When is a tube shunt procedure indicated?

Glaucoma tube shunt surgery may be performed in patients with glaucoma that is not controlled by medications, laser treatment, or trabeculectomy. If a trabeculectomy has already been performed and failed, the next surgical intervention will likely be a glaucoma tube shunt (although is some cases, a second trabeculectomy may be recommended). There are some cases in which a glaucoma tube shunt may be the first surgical intervention, as opposed to a trabeculectomy. These cases include, but are not limited to patients with neovascular glaucoma, inflammatory glaucoma (glaucoma secondary to uveitis), or patients with a prior corneal transplant. 

What is done during the tube shunt procedure?

First, the conjunctiva is opened and retracted in the upper-outer part of the eye. The body of the device is sutured to the white part of the eye (sclera). After the body of the device is sutured in place, a small tunnel is created through the sclera to enter the anterior chamber of the eye. The tube, which extends from the body of the device, is inserted into the eye’s anterior chamber. A patch graft is placed over the tube to prevent it from eroding through the conjunctiva. Although the device is sutured onto the top of the eye, it is completely covered by the eye’s outer covering, the conjunctiva. Most, if not all, of the device will not be visible behind the upper eyelid after the surgery. In some cases, a small bulge may be noticed on the upper-outer aspect of the eyelid. 

What should I expect if I have a tube shunt procedure?

The procedure is done under local anesthesia and IV sedation in the outpatient surgery center (you will need to receive a shot next to the eye to put the eye asleep). Eye drops are used to numb the surface of the eye. The eye will be cleaned and a sterile drape will be put over your face and body, leaving only your eye uncovered. This keeps the area of the operation clean and sterile. Your eye will be held open by a “lid speculum,” so you will not blink during the surgery. After the surgery is over, a patch and shield will be placed over your eye. This will be removed the day after surgery on your first post-operative visit. You should expect to be seen frequently until the eye completely heals. For many people, this may take six to eight weeks. During this time, you will be taking frequent and multiple eye drops. The postoperative care varies greatly and may include suture removal and/or other minor procedures to maximize the outcome of the surgery. During this time, you will need to restrict yourself from strenuous activities.
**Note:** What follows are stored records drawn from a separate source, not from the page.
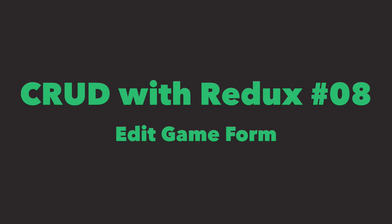Hi, my name is Rem and time has come to implement editing feature. In this episode we'll reuse the same form we used to create new game and make it populate fields with game data if we want to edit a game.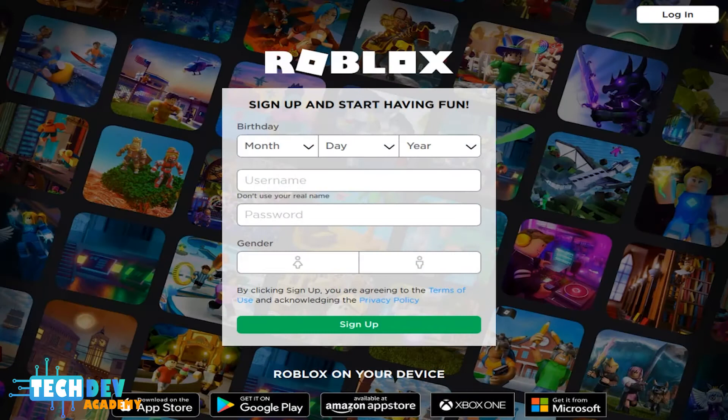Hello, welcome to Tech Dev Academy. In this video, I'm going to show you how to install Roblox Player and Roblox Studio onto your computers and laptops.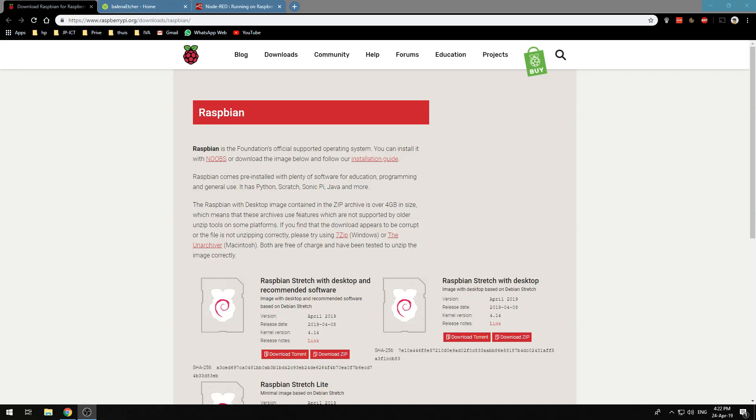Hello and welcome to this new video in which I will show you how you install Node-RED on a Raspberry Pi and connect it to work with Domoticz.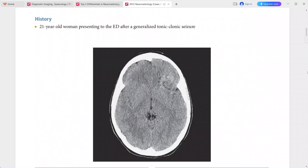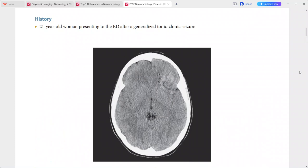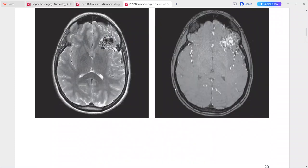Next case: 21-year-old woman presenting after a generalized tonic-clonic seizure. On CT, there is a heterogeneous mass in the left inferior frontal lobe, slightly higher attenuation than gray matter with a tiny focal calcification. T2-weighted sequence shows numerous curvilinear flow voids of varying sizes with no edema and very little mass effect.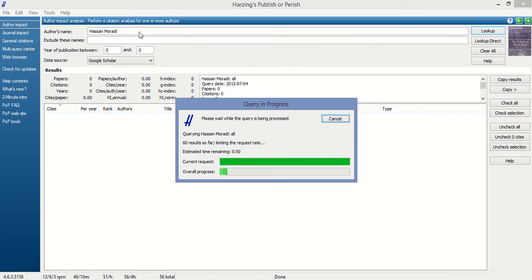All the information about the author is going to be fetched by this software from Google Scholar.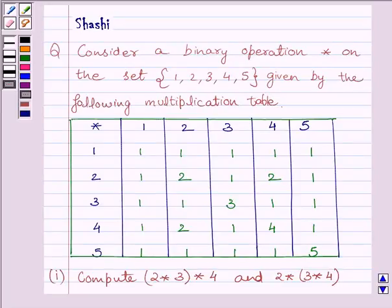Hi and welcome to the session. I am Shashi and I am going to help you to solve the following question.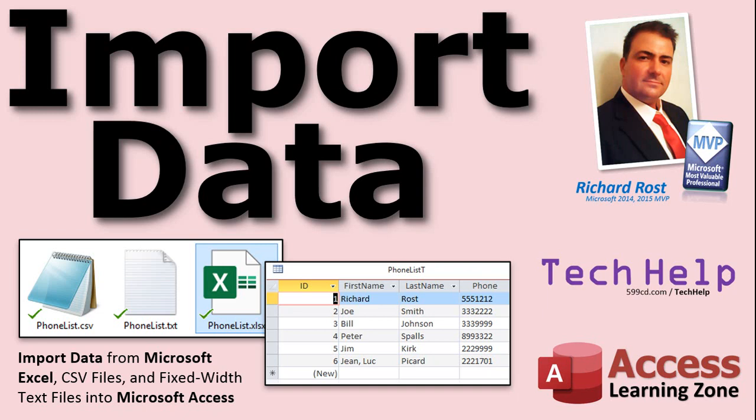Welcome to another Tech Help video brought to you by AccessLearningZone.com. I am your instructor Richard Rost. In today's video, I'm going to show you how to import data from Microsoft Excel, CSV files, and fixed width text files into your Microsoft Access database.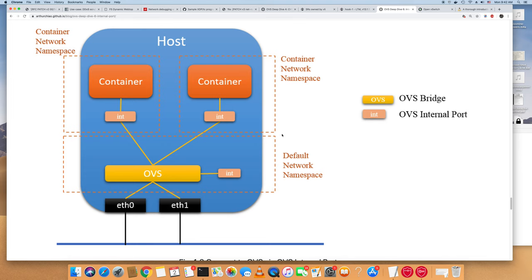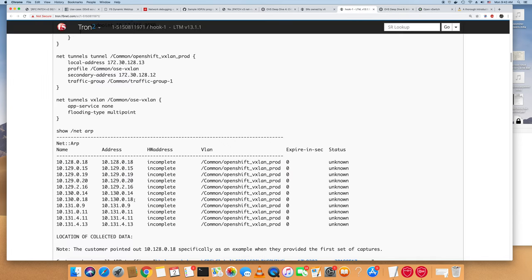The summer is ending and I finally have some time to make a video about Open vSwitch vXLAN connectivity to the Big IP. We have a customer who is integrating OpenShift with a Big IP 4000 platform, and they have a vXLAN network connectivity issue because their pod IP cannot be resolved by the Big IP.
Will my glaucoma be cured with the glaucoma tube device?

No. There currently isn’t a cure for glaucoma. Any vision that has already been lost prior to the surgery, in general, will not return. Tube shunt surgery only lowers your eye pressure. By lowering the eye pressure, the goal is to either stop or slow down your loss of vision. Sometimes this goal is not possible.

Can I stop my eye drops after the surgery?
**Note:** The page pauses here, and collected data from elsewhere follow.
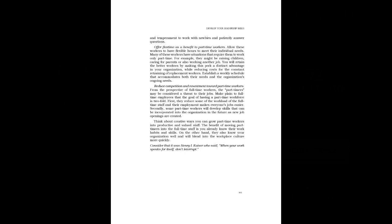Offer flex time as a benefit to part-time workers. Allow these workers to have flexible hours to meet their individual needs. Many of these workers have situations that require them to work only part-time. For example, they might be raising children, caring for parents or also working another job. You will retain the better workers by making this perk a distinct advantage in your organization, while reducing costs for the constant retraining of replacement workers. Establish a weekly schedule that accommodates both their needs and the organization's ongoing needs.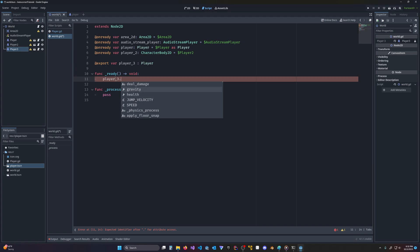All right. I hope that was simple and straightforward to get you going on your autocomplete. It's obviously such a helpful function to have. So take care.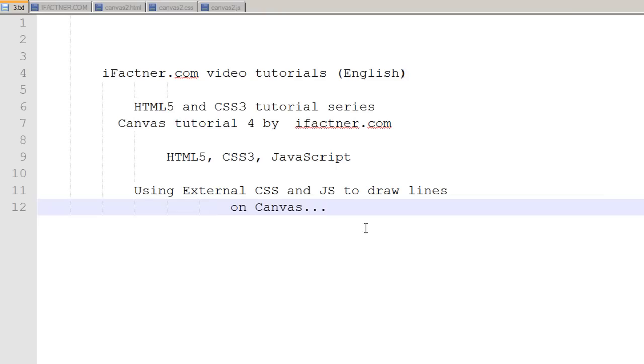Hey guys and girls, welcome back to your fourth HTML5 and CSS3 canvas tutorial presented by ifactner.com. We've been discussing how to create a canvas and draw lines on it.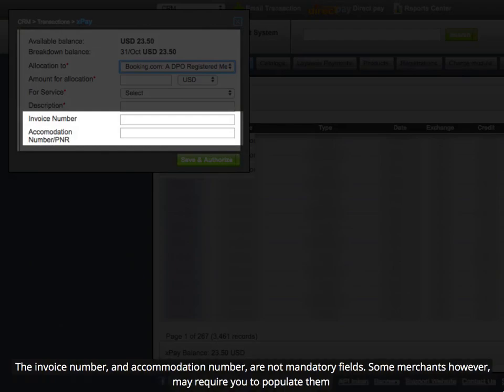The invoice number and accommodation number are not mandatory fields. Some merchants however may require you to populate them.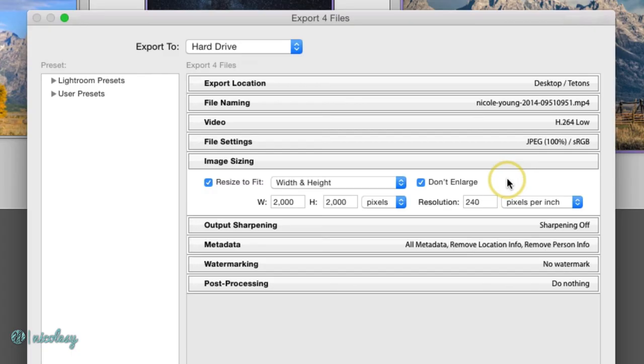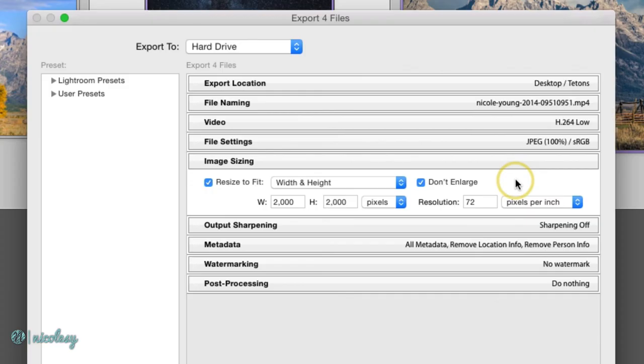They will just export as their original file size. For resolution, you can set a number in here. 240 is very common for printing. I'm usually exporting to share to the web so I usually change that to 72. And you can also change that setting from inches to centimeters.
You will definitely need eye drops for two or more months after the surgery. Some people do not have to take eye drops after that period. Many people will eventually need some glaucoma eye drops to keep their pressure under control. In some cases, people will be taking fewer eye drops than they were before the surgery. The need for eye drops after tube shunt surgery varies greatly and is determined by your type of glaucoma and the rate it is progressing.
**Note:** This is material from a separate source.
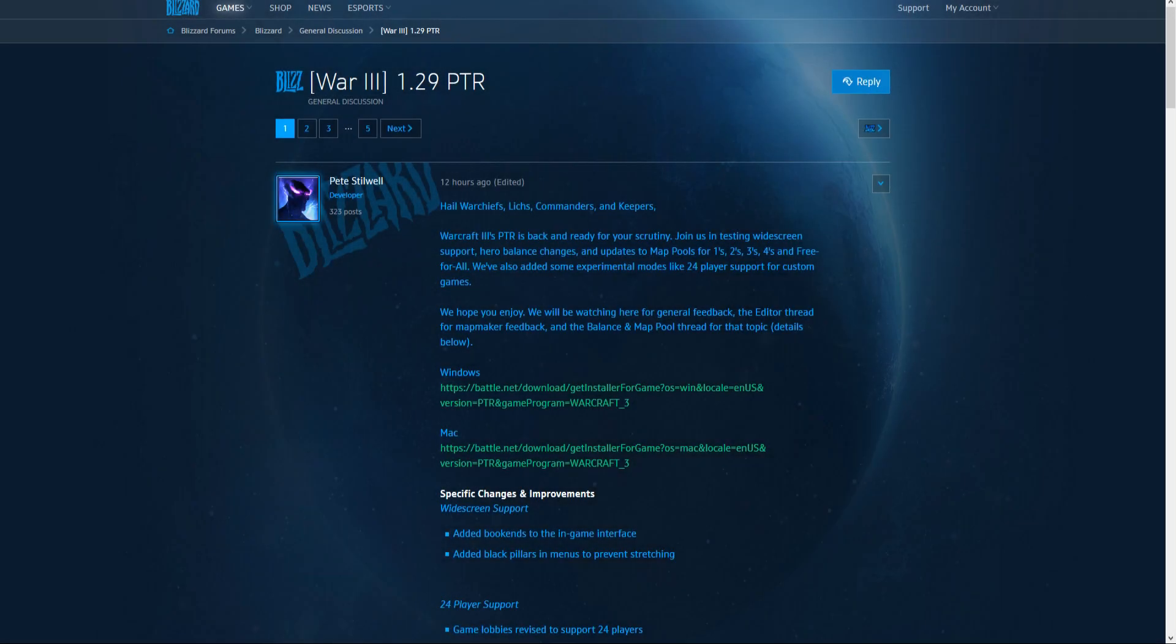Well, there it is. Hi guys, the Warcraft 3 1.29 public test realm is now available and this actually includes balance changes to the heroes and the map pool. So it's a pretty big deal.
What are some risks for tube shunt surgery?

All eye surgery has some risks. Operations are not done unless the benefits outweigh the risks. Risks include, but are not limited to, bleeding, infection, hypotony (very low pressure), scarring, swelling, retinal detachment, droopy eyelid, double vision, loss of vision, or even loss of the eye. Sometimes the tube fails and needs to be flushed or replaced. In general, many of the risks are not common, however you may want to discuss the benefits and risks with your surgeon should you have any further questions.